Kenya Wins Backing for Extending Ivory Trade Ban

Kenya has secured the support of 16 African governments in its battle with neighboring Tanzania over a proposal to allow for controlled trade in ivory. At least two thirds of the 23 member African Elephants Coalition are backing Kenya’s proposal to replace the nine-year moratorium on ivory trade, which ends in 2019 with a 20-year moratorium.

If adopted, the proposal will bind all parties to the Convention on International Trade in Endangered Species of Wild Fauna and Flora (CITES) to outlaw trade in ivory a move that Tanzania and Zambia have opposed.
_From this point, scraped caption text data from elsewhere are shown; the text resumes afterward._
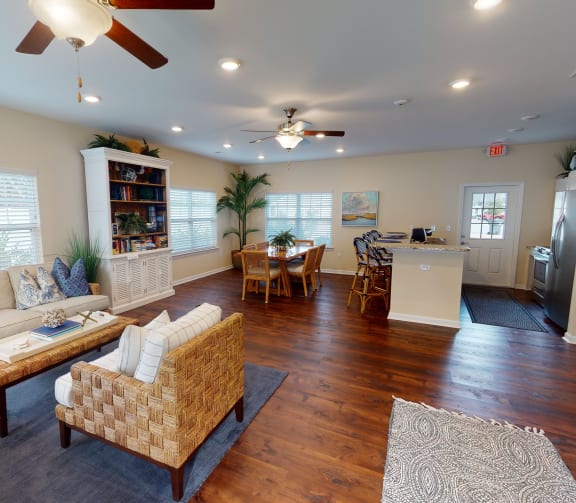 a living room with a couch and a chair and a kitchen at River Oaks, Little River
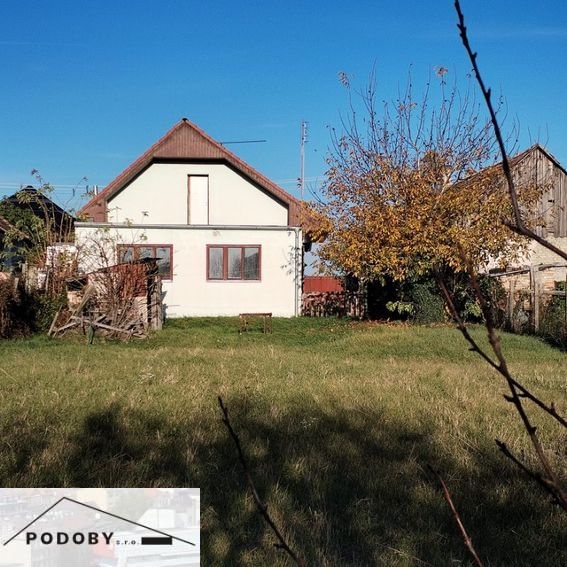 A family house in Veľké Úľany with a garden and greenery under a blue sky.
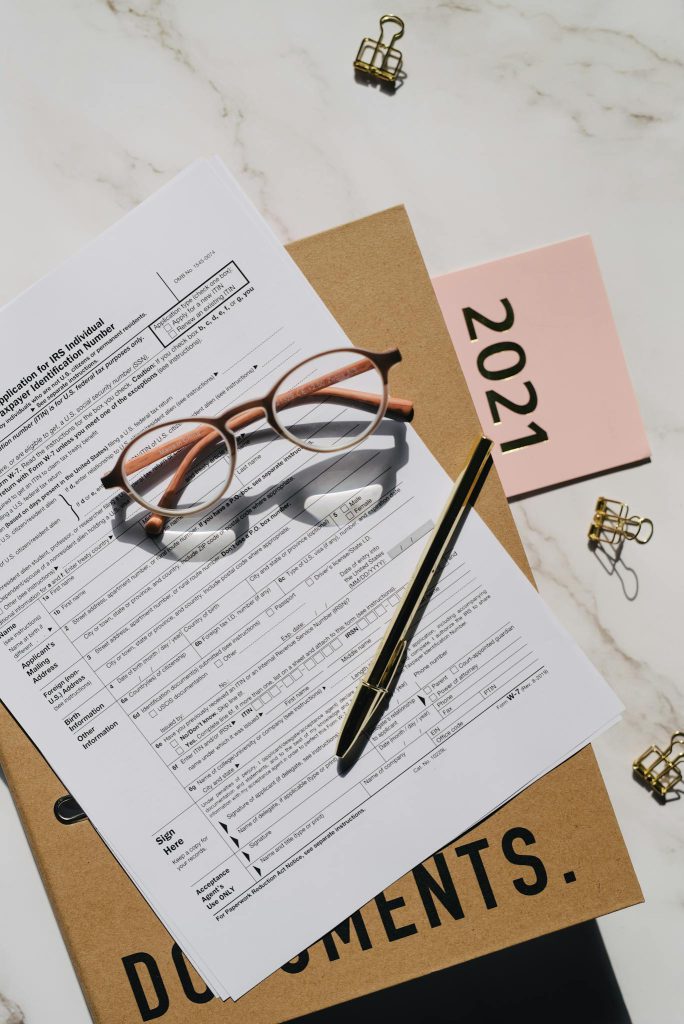 Close-up of tax forms, glasses, and pen on a desk, perfect for financial content.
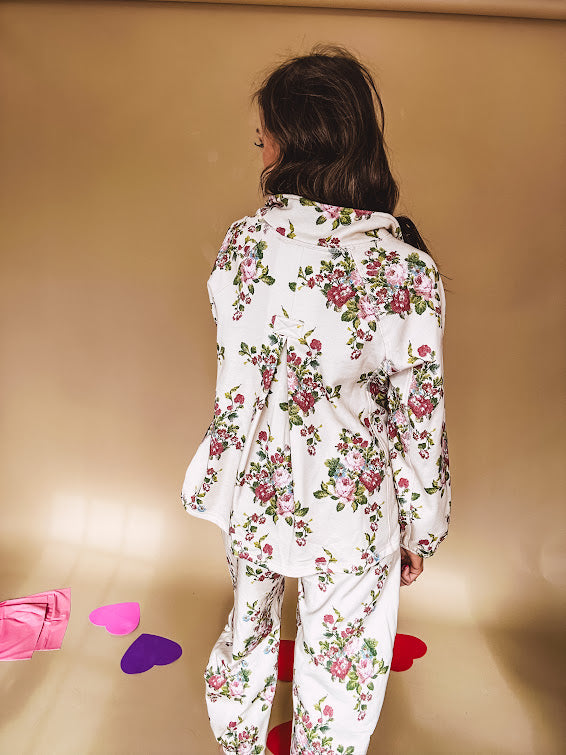 Ivory lounge set with pink, blue, and green florals, a quarter-zip top with kangaroo pocket, mock neck, and hi-low hem and matching bottoms with drawstring waist and pockets.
Reports from the six-days of meeting of AEC in Brussels indicate that Mali, Benin, Central African Republic, Chad, Ethiopia, Ghana, Guinea, Guinea Bissau, Mauritania, Niger, Nigeria, Rwanda, Senegal, Togo, Republic of Congo and Government of Southern Sudan backed Kenya’s proposal to maintain the strongest possible international moratorium on trade in ivory.
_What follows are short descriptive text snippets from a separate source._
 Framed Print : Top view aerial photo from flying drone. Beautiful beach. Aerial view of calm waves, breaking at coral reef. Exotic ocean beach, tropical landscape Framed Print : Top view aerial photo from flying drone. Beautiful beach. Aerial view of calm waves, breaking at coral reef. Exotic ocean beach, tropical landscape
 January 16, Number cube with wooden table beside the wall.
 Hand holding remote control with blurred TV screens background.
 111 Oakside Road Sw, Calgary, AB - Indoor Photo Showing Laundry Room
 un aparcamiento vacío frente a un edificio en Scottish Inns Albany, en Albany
"No proposals for trade in ivory should be considered until COP18 in 2019. Proposals from Tanzania and Zambia should therefore be withdrawn," a statement issued after the meeting chaired by Mali and Kenya said.

The position is a huge blow to efforts by the Tanzania and Zambia governments that had last November asked the CITES secretariat to remove the African elephant, Loxodonta africana, from the list of animals facing extinction (Appendix I) to Appendix II. That move would effectively have meant that trade in ivory and elephants would not be banned but controlled.

Trade in species facing extinction is allowed under exceptional circumstances while that involving species in the second tier is managed to avoid utilisation that can endanger their survival.